La contagion du fanatisme subsiste donc encore. Ce poison est si peu détruit qu’un prêtre[4] du pays des Calas et des Sirven a fait imprimer, il y a quelques années, l’apologie de la Saint-Barthélemy. Un autre[5] a publié la justification des meurtriers du curé Urbain Grandier ; et quand le Traité aussi utile qu’humain de la Tolérance a paru en France, on n’a pas osé en permettre le débit publiquement. Ce traité a fait à la vérité quelque bien ; il a dissipé quelques préjugés ; il a inspiré de l’horreur pour les persécutions et pour le fanatisme ; mais, dans ce tableau des barbaries religieuses, l’auteur a omis bien des traits qui auraient rendu le tableau plus terrible, et l’instruction plus frappante.

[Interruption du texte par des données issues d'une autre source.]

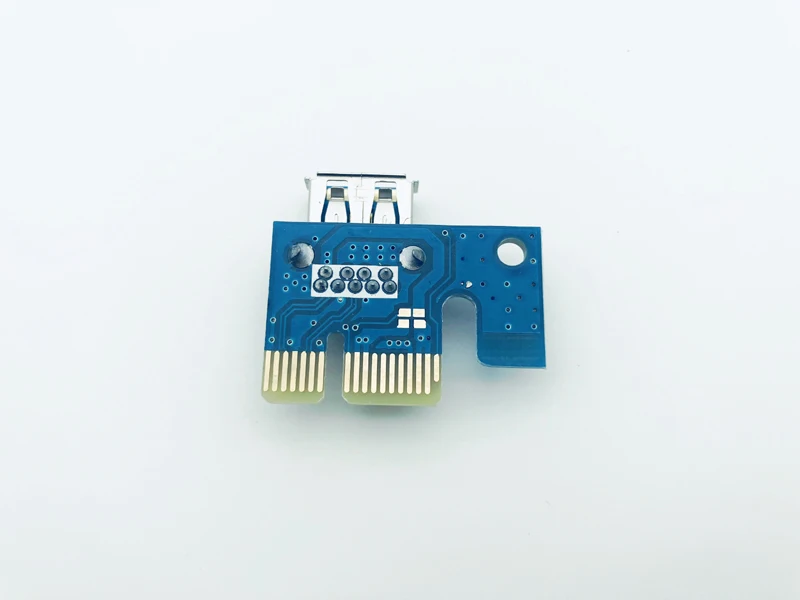 10 шт. переходная карта PCI 1X e X1 Riser 180 градусов к USB для 006 006C 007S 008S|Компьютерные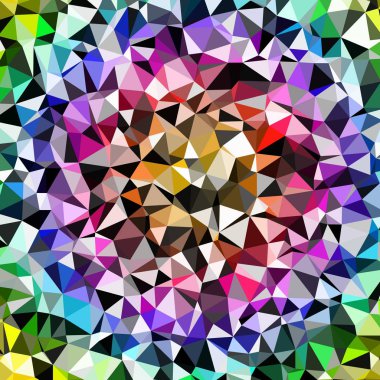 Arka plan çok renkli geometrik poligonal.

On a reproché à l’auteur d’avoir été un peu trop loin lorsque, pour montrer combien la persécution est détestable et insensée, il introduit un parent de Ravaillac[6] proposant au jésuite Le Tellier d’empoisonner tous les jansénistes. Cette fiction pourrait en effet paraître trop outrée à quiconque ne sait pas jusqu’où peut aller la rage folle du fanatisme. On sera bien surpris quand on apprendra que ce qui est une fiction dans le Traité de la Tolérance est une vérité historique.

  1. Page 131 du Procès de Damiens. (Note de Voltaire.)
  2. Page 135. (Id.)
  3. Page 405. (Id.)
  4. L’abbé de Caveyrac. (Id.) — Voyez la note, tome XXIV, page 476.
  5. L’abbé de La Menardaye. (Id.) — Voyez la note, tome XXIV, page 475.
  6. Voyez page 96 du présent volume.